Philippines’ import bill posts double-digit growth

The Philippines’ import bill posted double-digit growth in March. Data from the Philippine Statistics Authority (PSA) showed that the country imported USD 6.36 billion worth of goods in March, up 11.7% from USD 5.69 billion during the same period a year go. With the March increase, and despite the decline in February, first-quarter imports amounted to USD 18.597 billion, up 8.8% compared with last year’s USD 17.089 billion.

The National Economic and Development Authority (NEDA), the country’s planning agency, noted the continued demand for capital and consumer goods. Capital goods imports continued to grow in double digits for the seventh consecutive month, reaching USD 2.1 billion in March, while consumer goods imports rose to USD 1.2 billion due to higher spending for durable goods (67.9%) and non-durable goods (15.6%).

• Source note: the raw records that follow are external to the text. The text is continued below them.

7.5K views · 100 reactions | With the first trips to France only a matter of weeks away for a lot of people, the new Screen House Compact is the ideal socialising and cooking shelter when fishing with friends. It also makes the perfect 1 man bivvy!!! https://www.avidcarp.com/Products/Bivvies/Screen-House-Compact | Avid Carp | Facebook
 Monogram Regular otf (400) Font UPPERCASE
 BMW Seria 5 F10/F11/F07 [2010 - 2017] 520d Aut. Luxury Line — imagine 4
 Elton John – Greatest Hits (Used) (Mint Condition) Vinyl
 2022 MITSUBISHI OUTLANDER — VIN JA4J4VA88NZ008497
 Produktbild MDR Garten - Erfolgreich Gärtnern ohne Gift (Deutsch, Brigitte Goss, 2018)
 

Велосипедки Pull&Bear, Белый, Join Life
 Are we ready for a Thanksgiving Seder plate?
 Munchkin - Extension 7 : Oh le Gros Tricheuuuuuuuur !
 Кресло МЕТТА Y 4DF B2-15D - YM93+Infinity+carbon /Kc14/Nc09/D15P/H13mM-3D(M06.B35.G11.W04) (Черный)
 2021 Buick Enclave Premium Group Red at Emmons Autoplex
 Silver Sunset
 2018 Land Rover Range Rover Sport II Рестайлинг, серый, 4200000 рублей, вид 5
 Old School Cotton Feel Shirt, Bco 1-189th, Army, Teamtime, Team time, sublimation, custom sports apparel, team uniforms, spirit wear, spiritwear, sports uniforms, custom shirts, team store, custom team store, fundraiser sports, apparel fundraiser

“The continued strength of merchandise imports and the fact that it is fueled by spending on capital goods bodes well for the economy,” said NEDA Director-General Emmanuel F. Esguerra.

“This growth also mirrors the positive prospects of the economy that are expected to be sustained for the rest of the year,” Esguerra said.

He said the government’s investments in public works contributed to growth in imports.

“Given the general sluggishness of import activities in the region, government support for higher spending on infrastructure is critical not only because it supports domestic demand but, more importantly, because it increases the country’s attractiveness to investors,” he said.

The Chamber of Automotive Manufacturers of the Philippines, Inc. (CAMPI) also reported record car sales during the period.

“We did see CAMPI reporting record car sales which was reflected in the consumer durable goods sub-sector, which zoomed to post a 67.9% growth, with passenger car sales up a whopping 93.7%,” said Nicholas Antonio T. Mapa, associate economist at one of the largest local banks, the Bank of the Philippine Islands (BPI).

Mapa said the growth in capital goods imports indicates positive long-term prospects for the economy, as businesses prepare for better times ahead.

“Torrid consumption has fuelled the impetus for expansion [with] all sub components of capital goods posting double digit growth,” he said.

In contrast, purchases of raw materials and intermediate goods, as well as mineral fuels and lubricants declined due to waning demand for wheat and crude materials and lower import payments for fossil-based fuels and lubricants, which are seeing historic low prices.